Ciente da necessidade de desmantelar a Parpública, o Governo AD constituiu há cinco meses um Grupo de Trabalho para “identificar as empresas (da Parpública) consideradas estratégicas e (...) propor o modo de privatizar as restantes, adiantando uma estimativa da receita decorrente da alienação”. Uma missão lírica que por três razões não vai a lado nenhum.
Primeiro, o grupo é liderado pelo próprio VP da Parpública e formado por profissionais de carreira da Função Pública ... não estou a gozar.
Segundo, os critérios de seleção são insanos: consideram-se estratégicos os setores que “respeitam ao desempenho de funções de soberania, (...) ou onde as falhas de mercado exijam a intervenção pública”. Funções de soberania? Falhas de mercado? Isso dá para justificar qualquer coisa.
E terceiro, o primeiro sinal que surge deste Grupo de Trabalho - RTP, CGD, Águas de Portugal (AdP) e Companhia das Lezírias (CL) - são considerados ativos estratégicos ou seja inalienáveis. Faz algum sentido o Estado ter um grupo de media? Ou por que não cotar a AdP em bolsa, como em tantos países europeus e o Estado manter uma participação, impedindo, aliás, o acesso arbitrário aos resultados como fez Medina em 2024? E, para justificar o absurdo da Companhia da Lezírias (CL) - que fatura menos de 10M€ e tem 3M€ de resultados - estar no Estado, “garante que se consiga o máximo de eficiência produtiva com sustentabilidade ambiental. Quando há privados há mais tendência para o desequilíbrio, mais para a eficiência produtiva e menos para a protecção do ambiente”. Esta afirmação da Parpública é uma afronta à economia nacional privada e reflete uma doutrina marxista (senão soviética) que não se compreende sob um Governo reformista de centro.
Claro que precisamos das “reformas estruturais profundas” reinvindicadas pelo Manifesto. Mas se este Grupo de 30 personalidades quer, de facto, acrescentar valor ao país e não se ficar pelas generalidades que soam muito bem nos noticiários, mas não levam a lado nenhum, que comecem por pôr ordem neste processo da Parpública.
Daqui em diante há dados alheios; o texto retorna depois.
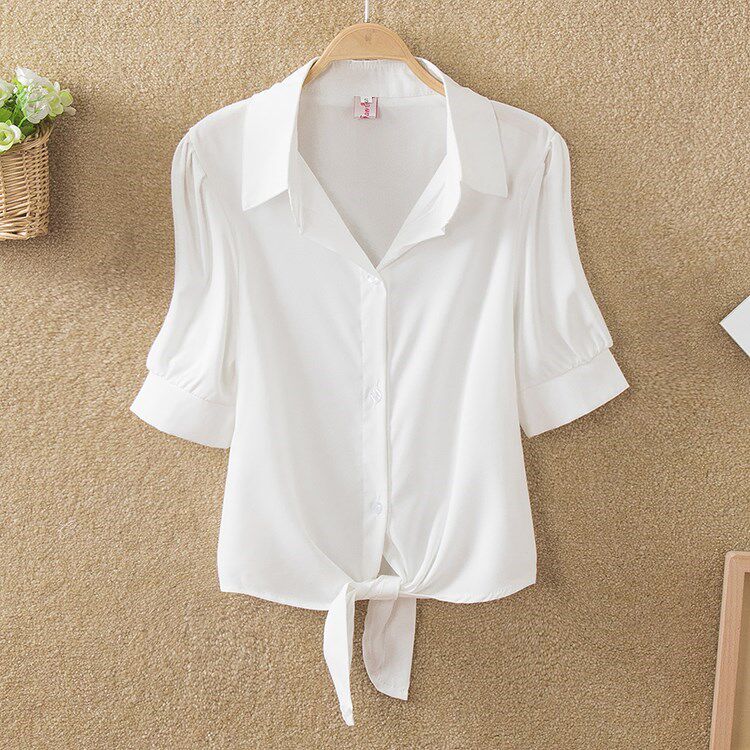 下擺打結短袖雪紡襯衫女生夏季裝2018新款韓版系帶收腰短款襯衣薄在類目 女裝/女士精品, 襯衫中 - 來自Buy2taobao.com提供專業的淘寶代購服務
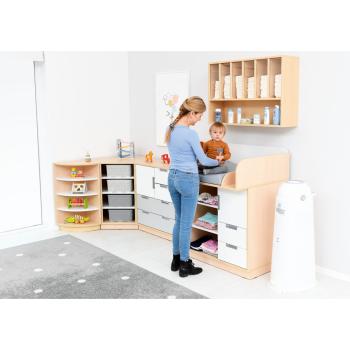 Wickelkommode Quadro, Ahorn, Fronten weiss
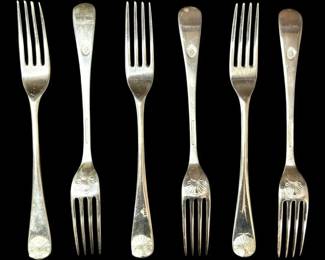 Stieff Sterling Silver Williamsburg Shell Pattern 6.5 Forks 222g Total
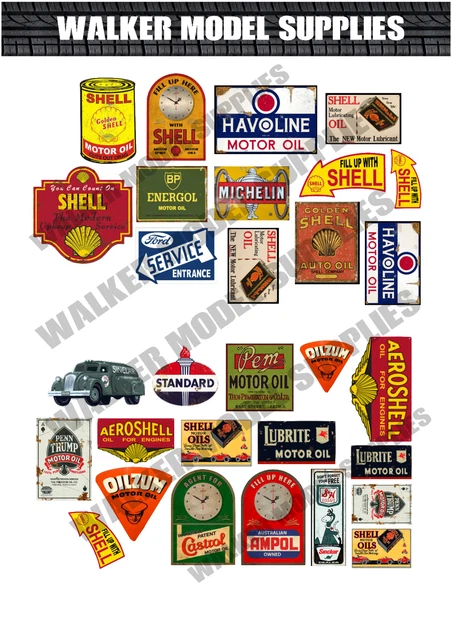 1/64 Escala Precortados Estilo Vintage Garaje Firmar Pegatinas Maqueta/Maqueta e
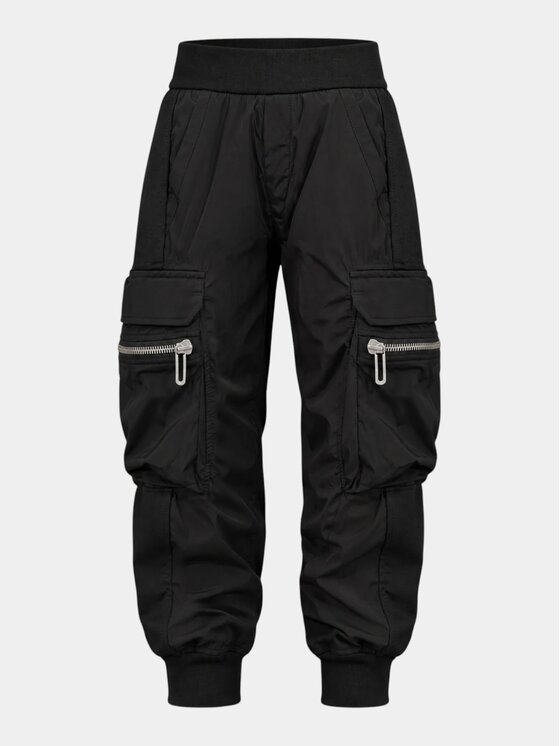 MADE BY SOCIETY MADE BY SOCIETY Spodnie materiałowe CARGO - P37699 Czarny Basic Fit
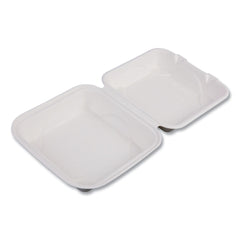 Eco-Products EP-HC81 Vanguard 8 in. x 8 in. x 3 in. Compostable Sugarcane Clamshells - White (200/Carton)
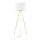Lampadaire salon 160cm métal tissu E27 or blanc tripode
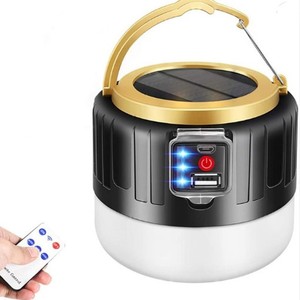 Lampe de camping solaire à LED portable, lumière d'urgence extérieure avec télécommande rechargeable par USB, durée de vie de 25 000 heures - Product Image 1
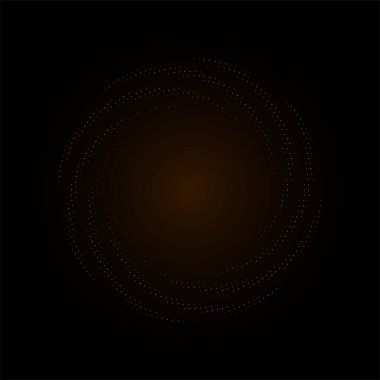 Altın yarı yuvarlak çerçeve. Altın lüks yarım tonlu daire logosu. Nokta amblemi. Noktalı doku kenarı. Konfeti patlaması. Vektör illüstrasyonu EPS10.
Que criem um novo modelo que saiba separar os ativos com racionalidade e coragem, que saiba vender bem o que tem de vender e montar modelos de regulação eficazes (caso da AdP), algo raro em Portugal. E que estejam à altura da reputação dos seus nomes e que acabem duma vez, com ação e coragem, com 20 anos do Estado a brincar às empresas à custa dos contribuintes, que tantos biliões têm perdido através desta política soviética que dura há tempo demais. Os dados estão lançados.